A Java application runs by default in one process.
Within a Java application, we can use multi-threads to achieve parallel processing or asynchronous behavior.
What You Need
- About 7 minutes
- A favorite text editor or IDE
- Java 8 or later
1. Why Multi-Threading
As we all know, the speed of CPU, memory, and I/O devices are very different.
In order to make reasonable use of the high performance of CPU and balance the speed difference of memory and I/O devices, the computer architecture, operating system, and program compiler have all made contributions :
- CPU adds the usage of cache to equalize speed difference with memory;
- Operating system adds the usage of processes and threads to multiplex the CPU in time-sharing, thereby balancing the speed difference with I/O devices;
- Program compiler optimizes the execution order of program instructions, so that the cache can be used more reasonably.
On the other hand, all above contributions generate problems for concurrent programming :
- Visibility Problem;
- Atomicity Problem;
- Orderness Problem.
2. Problems With Multi-Threading
If multiple threads access a same shared data without synchronizing operations, the results of the operations may be inconsistent.
2.1 Visibility – CPU Cache Caused
Visibility means that modifications to a shared data by one thread can be seen immediately by another thread.
In a multi-threaded application, if the computer contains more than one CPU, for performance reasons, each thread may copy data from main memory into a CPU cache while working on them.

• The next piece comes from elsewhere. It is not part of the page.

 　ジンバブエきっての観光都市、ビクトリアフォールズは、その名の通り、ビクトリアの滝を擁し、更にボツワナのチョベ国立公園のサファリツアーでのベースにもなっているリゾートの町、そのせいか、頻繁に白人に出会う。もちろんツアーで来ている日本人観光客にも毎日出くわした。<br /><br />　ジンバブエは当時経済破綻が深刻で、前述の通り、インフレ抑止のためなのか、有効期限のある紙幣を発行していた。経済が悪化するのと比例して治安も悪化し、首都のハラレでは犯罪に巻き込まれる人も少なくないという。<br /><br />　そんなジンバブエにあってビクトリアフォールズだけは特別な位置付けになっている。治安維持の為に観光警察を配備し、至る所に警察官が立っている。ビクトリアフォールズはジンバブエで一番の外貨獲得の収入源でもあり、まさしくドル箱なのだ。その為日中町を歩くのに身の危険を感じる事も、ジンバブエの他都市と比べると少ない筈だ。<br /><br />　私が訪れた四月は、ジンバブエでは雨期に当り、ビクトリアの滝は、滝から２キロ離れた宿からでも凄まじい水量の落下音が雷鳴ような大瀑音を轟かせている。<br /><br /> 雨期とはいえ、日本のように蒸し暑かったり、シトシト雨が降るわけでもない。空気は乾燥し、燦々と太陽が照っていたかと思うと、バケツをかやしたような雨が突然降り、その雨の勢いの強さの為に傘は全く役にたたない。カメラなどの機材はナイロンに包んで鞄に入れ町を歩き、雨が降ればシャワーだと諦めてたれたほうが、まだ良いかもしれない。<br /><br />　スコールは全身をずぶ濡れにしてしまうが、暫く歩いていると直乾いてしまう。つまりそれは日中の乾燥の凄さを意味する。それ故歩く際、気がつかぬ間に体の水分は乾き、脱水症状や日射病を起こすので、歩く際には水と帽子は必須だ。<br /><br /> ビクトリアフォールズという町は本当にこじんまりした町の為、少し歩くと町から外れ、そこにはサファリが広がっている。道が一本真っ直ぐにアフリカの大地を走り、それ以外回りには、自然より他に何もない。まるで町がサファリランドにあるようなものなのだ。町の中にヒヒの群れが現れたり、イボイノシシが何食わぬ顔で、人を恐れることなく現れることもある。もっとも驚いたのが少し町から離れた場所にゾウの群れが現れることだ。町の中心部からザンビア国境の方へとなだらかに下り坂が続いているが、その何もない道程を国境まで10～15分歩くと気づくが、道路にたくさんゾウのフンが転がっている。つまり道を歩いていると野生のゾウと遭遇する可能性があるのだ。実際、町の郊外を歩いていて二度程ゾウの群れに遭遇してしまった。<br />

There are no guarantees about when the JVM reads data from main memory into CPU caches, or writes data from CPU caches to main memory.
So imagine that thread 1 writes data (0 by default) to 7 then thread 2 reads data, the thread 2 should have data value = 7.
But there is a moment that thread 1 set data value to 7 in its CPU cache but not yet write back to main memory, at the same time thread 2 reads data from main memory :
In this way, there is a problem because thread 2 has finally data value = 0 instead of 7.
2.2 Atomicity – Caused By CPU Time Multiplexing
Atomicity means that an operation or multiple operations are either all executed in one shot without interruption of any factor, or none of them are executed.
The following example demonstrates that multi-threads perform an auto-increment operation at the same time, and the final value may be less than 1000 after the operation is completed.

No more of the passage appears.